Has your DH taught him to pee standing up yet? This helped things along in our house a lot!

yeah, I agree, I'd rather change dipes than clean up pee. Good luck!


----------



## Kirsten (Mar 19, 2002)

I think the hard part is that when HE is ready may be different from when WE are ready...







I have heard the average age of potty training is 3 for girls and 3.5 for boys. I know plenty are earlier, and some are later - but unless the child himself asked/showed interest/had the signs of readiness, I wouldn't try prior to 2.5 for girls and 3 for boys.

And they make diapers in sizes up to well past even a large four year old - for kids who have bed wetting issues. A friend's 8 year old boy had nighttime accidents for years - and they sold those sizes in Safeway and Target (common stores here - not sure where the OP is).

I just really believe that unless the child is both physically and emotionally ready, no amount of timers or candy or anything will really be effective to the point of trusting that you can be out of the house with him in underwear. To me, accidents away from home are much harder (on mom and on child) than changing a diaper when necessary.

I would give potty learning a break for as long as it takes for him to show all the signs of readiness. Maybe when he sees that you are really willing to wait for him to be ready, he will be ready sooner rather than later.


----------



## Llyra (Jan 16, 2005)

Since this threat has been brought back, I should update.

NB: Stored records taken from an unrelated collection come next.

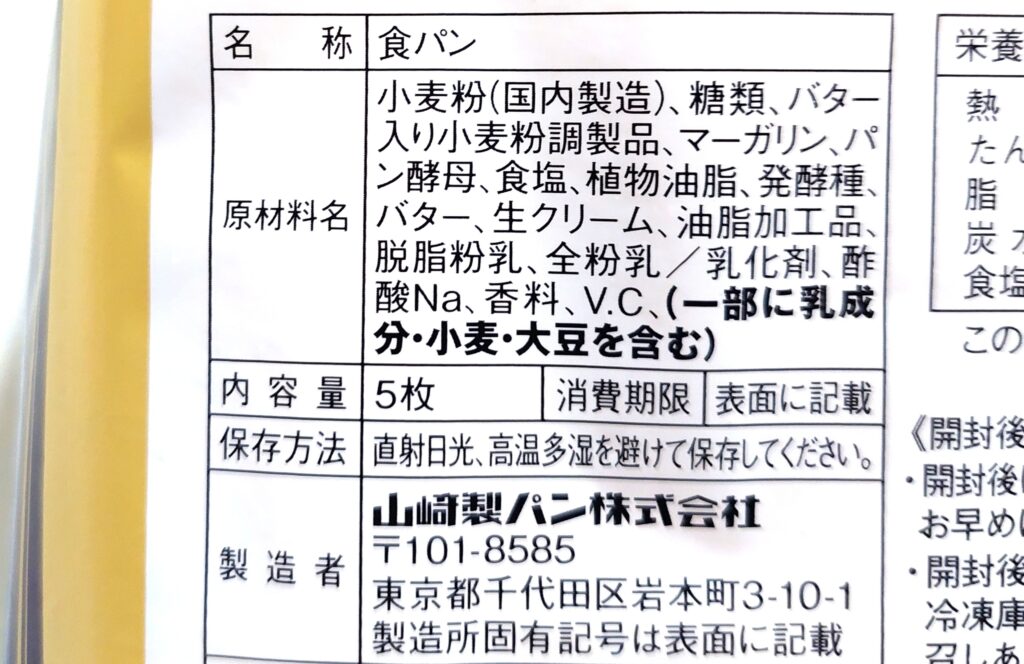 「コープデリ食パン」原材料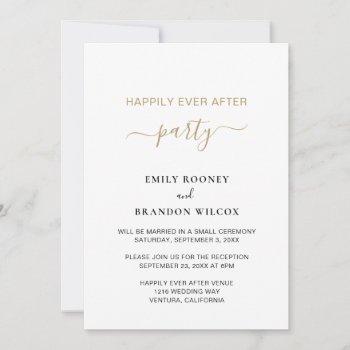 happily ever after party gold wedding reception invitation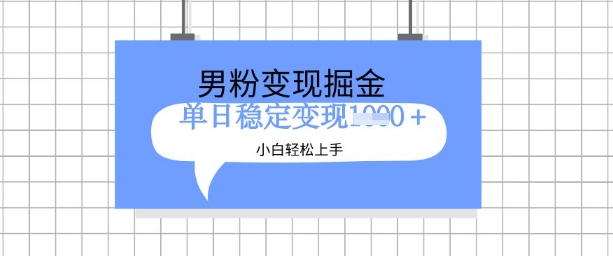 全新男粉掘金计划,升级玩法,新手轻松上手日入多张【揭秘】-风淘社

DS is very happily and proudly pottying almost every time, these days. He's not reliable when we're at too long a distance from a bathroom; he's got a very short interval between "gotta go," and "GOTTA GO NOW," so he wears diapers if we're going to be somewhere like the mall where the bathroom is at a distance. But he's pottying at other people's homes, and at church, and places like that. I don't know what got him over the hump, but now we're in business. I think he really needed some steady consistency-- I agree with the PP that for some kids, it's best to give it up and try again later. But I don't think this was true for DS. All the switching back and forth-- me deciding to give it a few weeks, then trying again, then going back to diapers again-- was confusing to him. So I think that in his case, toughing it out through a difficult week but insisting on underpants was exactly the right thing to do.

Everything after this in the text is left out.